The man who broke into J.A. Jance's home got more than he bargained for.
"This was last March 17," Jance says by telephone from her Seattle home. "He broke in while my husband and I were sleeping. We were alerted by my dog, who started barking, and we detained him until the police arrived." It wasn't clear if the intruder knew he was sneaking into the home of a best-selling mystery author. His motives remain fuzzy. But, if he wanted to break into literature, he found a most interesting way.
"Things happen to me in my life that I end up using," Jance explains. "I said, 'That's exactly the kind of experience I need to for my book.' I started writing immediately."
When life gives you break-ins, make lemonade.
"Damage Control" (William Morrow & Co., $25.95) is Jance's 39th novel, her 12th through the eyes of fictional Cochise County Sheriff Joanna Brady. In this latest installment, a flurry of suspicious deaths roars into southern Arizona with the summer monsoons. Brady must sift murder from tragedy and track two killers, even as she balances local politics, personal doubt and the challenge of a blended family.
Wonder how Brady does it all? Well, very frequently, Jance wonders, too. "I don't outline my books," the author says. "I'm petrified of Roman numerals." Other mystery writers can start with a dense plan of intersecting character arcs, penny drops and plot disclosures. That's fine for them. "I start with a dead body," Jance says. "Then I spend the rest of the time figuring out who did it and how come."

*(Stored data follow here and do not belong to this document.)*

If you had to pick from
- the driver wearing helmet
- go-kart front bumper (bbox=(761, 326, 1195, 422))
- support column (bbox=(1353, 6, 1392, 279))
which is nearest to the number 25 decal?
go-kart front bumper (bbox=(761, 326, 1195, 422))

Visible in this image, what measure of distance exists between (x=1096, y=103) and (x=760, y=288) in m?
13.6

Kicking off with an unexplained body count may seem a little free-form, but Jance says it helps her to start exactly where her detective does. "If I methodically mapped out everything in a book, I wouldn't be motivated to write the book," she chuckles. So she writes to surprise herself. "I am my very first reader," she says. "(Improvising) keeps me interested and focused and fresh." So, Jance sits down and types herself and her main character (Brady, Seattle investigator J.P. Beaumont or newscaster-turned-sleuth Ali Reynolds) into tight corners with no knowledge of how to get out? "Every single time," she says.

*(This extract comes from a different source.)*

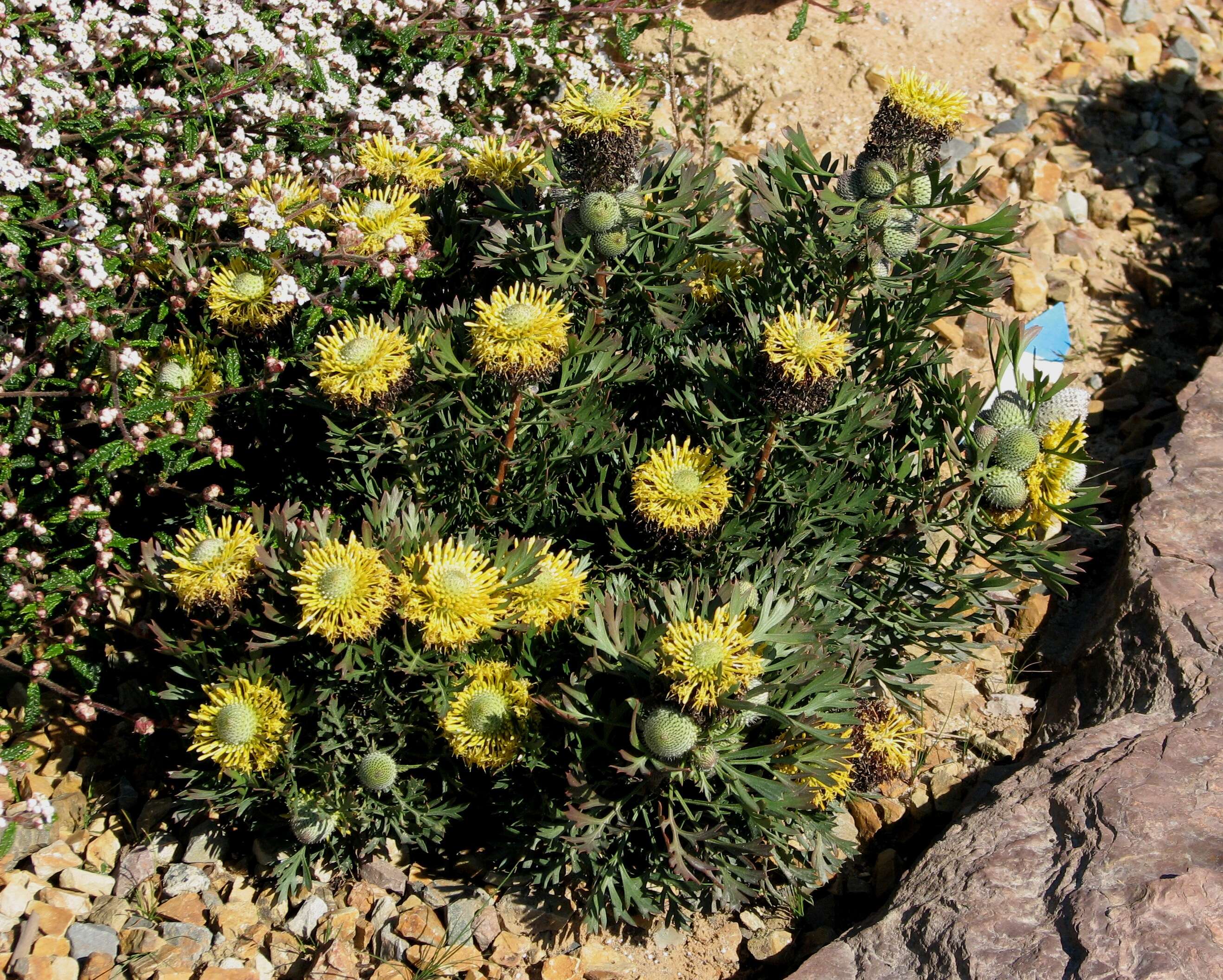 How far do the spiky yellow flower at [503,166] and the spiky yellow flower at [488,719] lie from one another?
5.42ft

Jance responds differently to the rigors of a novelist's life. Outlines bore her. Deadlines energize and motivate her. Touring does, too. "I enjoy promoting a book. It's wonderful to find out what those words you've keyed into a computer screen mean to someone else. Just recently, I was signing books in a grocery store when a lady came up and took my hand. She said, 'I had to come and thank you. When I was in the hospital for a bone marrow and stem cell transplant, my daughter brought in all your books, numbered, and they helped me through.' That kind of story leaves you breathless."
DEATH BY BUICK
"Breathless" aptly describes four people in the opening chapters of "Damage Control." Two die by Buick (a plunge into a ravine), one dies by fire and one is discovered in trash bags near a lonely river wash. As Jance guides Brady outward from these grisly discoveries, she often seeds the path with bits of her own life: the elderly couple echoes her own parents; a poignant memorial scene recalls her firefighter brother's funeral; and of course, her unwelcome houseguest, who introduces the story. "In the book, he gets shot full of holes," Jance says. "So, in real life, he got off easy."
She pauses the interview to bid goodbye to Daphne, the golden retriever whose timely barking gave "Damage Control" its opening and saved Jance from God-only-knows. Jance is leaving on the tour that will land her in two East Valley locations this week. After 39 novels, does the writing get easier or harder? "Actually, I've already finished the next one, and I'm working on the one after that. So, I've written ... ooh .... 40.856 novels," she laughs. "And you feel each one. I can't say it gets easier. But I am a much better typist than when I started."